The cleric, said the refusal by the youths to appoint leaders as the protest grew thick only sent wrong signals: that they are not as strategic as they claimed, and that they probably lack trust in their own folks.
Speaking on the Channels TV’s Sunrise Daily on Monday, Bakare expressed concerns that there have been economic deprivation, inequitable distribution of wealth, brazing corruption, and official lawlessness that the generational disconnection between the government and the people, has further nurtured.
But he warned that, given how fantastic the Nigerian youths have coordinated themselves for the first 10 days of the anti-Police Brutality protest in Lagos, also known as #EndSARS, it was time to produce credible representation that would be part of the turn-around process.
According to him, “when this protest began, I was happy to see the young men and women in this country waking up from their slumber.
“But the moment the government had accepted your demands, it was time to change from street protest to progressive one.”
The pro-democracy advocate and convener of EnoughisEnough Group, a political pressure group that once staged public protest against power play in the presidency, stressed that given his experience, “the continued leaderless youths must know that no group functions without leadership. There must be good people amongst them who they can trust enough to advance their positions.

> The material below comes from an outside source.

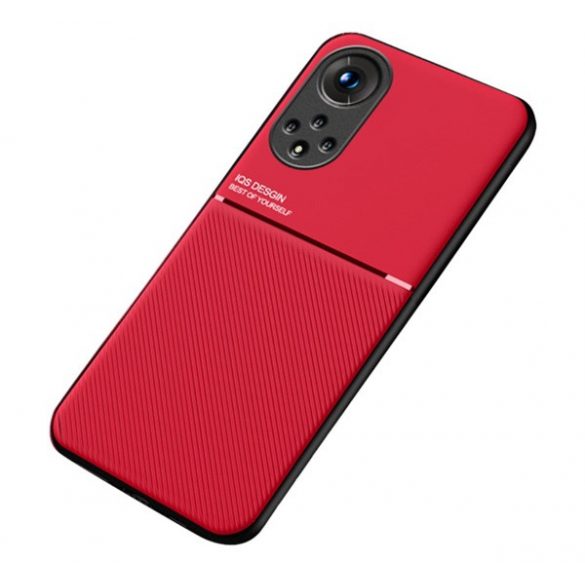 Protecție din plastic pentru telefon (ramă din silicon, rezistență medie la impact, placă metalică încorporată, spate cu efect de piele, model cu dungi) PIROS Huawei Nova 9, Honor 50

“The declaration that the youths had no leaders in the process was a ‘class suicide’. They must know how to translate protest to progress by engaging the leaders,” he added.
The cleric reminisced how his group had protested in Abuja during the time of late President Musa Yar Adua, and how their continuous engagement with the government yielded a positive result that prompted the confirmation of Dr. Goodluck Jonathan as Acting President.
“We have done this, without corrupting ourselves, and we got result. June 12 protest was a different protest because it was a rape of democracy.
“But thank God President Buhari has healed up the wounds by recognising June 12 as Democracy Day and honoring people like late Gani Fawehinmi.
“Part of the gains of continuous engagement of government, through credible representation, as we have done in the past, is what forced the senate to adopt what is now known as the Doctrine of Necessity that later allowed former President become Acting President, when powerful cabal were preventing him to act, and the then president had been incapacitated because of terminal sickness.”